According to tracking data gathered from the various social media outlets that allow us normies to tell Olympians how much we heart them, usual suspects like Michael Phelps, Usain Bolt, Gabby Douglas and Misty-May Treanor racked up the most traffic before and during this summer's games. No surprises there, but based on a comparison of social media activity preceding and during the games, number crunchers at AddThis figured out that the five athletes who recorded the highest buzz increases were all women because this Olympics, in case you haven't heard already, was the year that female athletes saved the United States from global embarrassment by being generally awesome.

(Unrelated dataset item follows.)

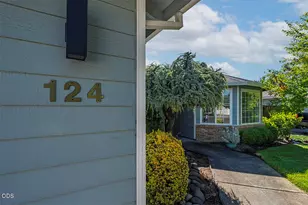 124 Meadow View Dr, Phoenix, OR 97535 - Photo 3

Wired's Lainna Fader is quick to point out, however, that the increased interest in female athletes isn't necessarily evidence that all members of the viewing public are commending them on their athletic prowess — just as many social media gadflies were likely to discuss female athletes' physical appearance as their superhuman feats of strength and speed. Though Gabby Douglas, for example, beat out Michael Phelps as the "Most-Clicked Athlete" on NBCOlympics.com by a whopping 11 million pageviews, internet chatter was just as likely to focus on her hair as her Catwomanly agility. Fader explains that, though the U.S. Women's gymnastics team became veritable superstars after winning Olympic gold, plenty of trolls contributed not-so-pleasant opinions to the general internet discussion:
After checking out the terms most often associated with each of the top five female athletes, it seems we were right to be suspicious. Douglas' hair was discussed about as frequently as her sport. Wieber's elimination was a hot topic, but so were her "hot" and "stunning" looks. And apparently a lot of people were searching for "pics" of Raisman and asking if she's single.
Still, says former NBC Olympics producer and founder of First-Person Communications Douglas Warshaw, Olympic women dominated the social mediaverse during the games, and that's nothing to sneeze at because it helps draw attention to women in sport, which helps provide a whole generation of young girls with athletic role models to look up to and, eventually, emulate. Warshaw thinks that, though it's not easy to dismiss "the ‘hottest women of the Olympics' thing, and the sex appeal of the increasingly tight uniforms," the percentage spike in discussion about female athletes before and during the actual games reveals that the public has a genuine interest in learning more about women who don't necessarily attract a lot of attention beyond the Olympics.
I think women athletes resonate the most with us because they don't get the coverage day in and day out in between the Games. So there's something novel about the way that they're covered during the Olympics, and that adds to their appeal.
Social media buzz will certainly help some of these women secure endorsements, something that's been notoriously difficult for them to do on the same scale as male Olympians.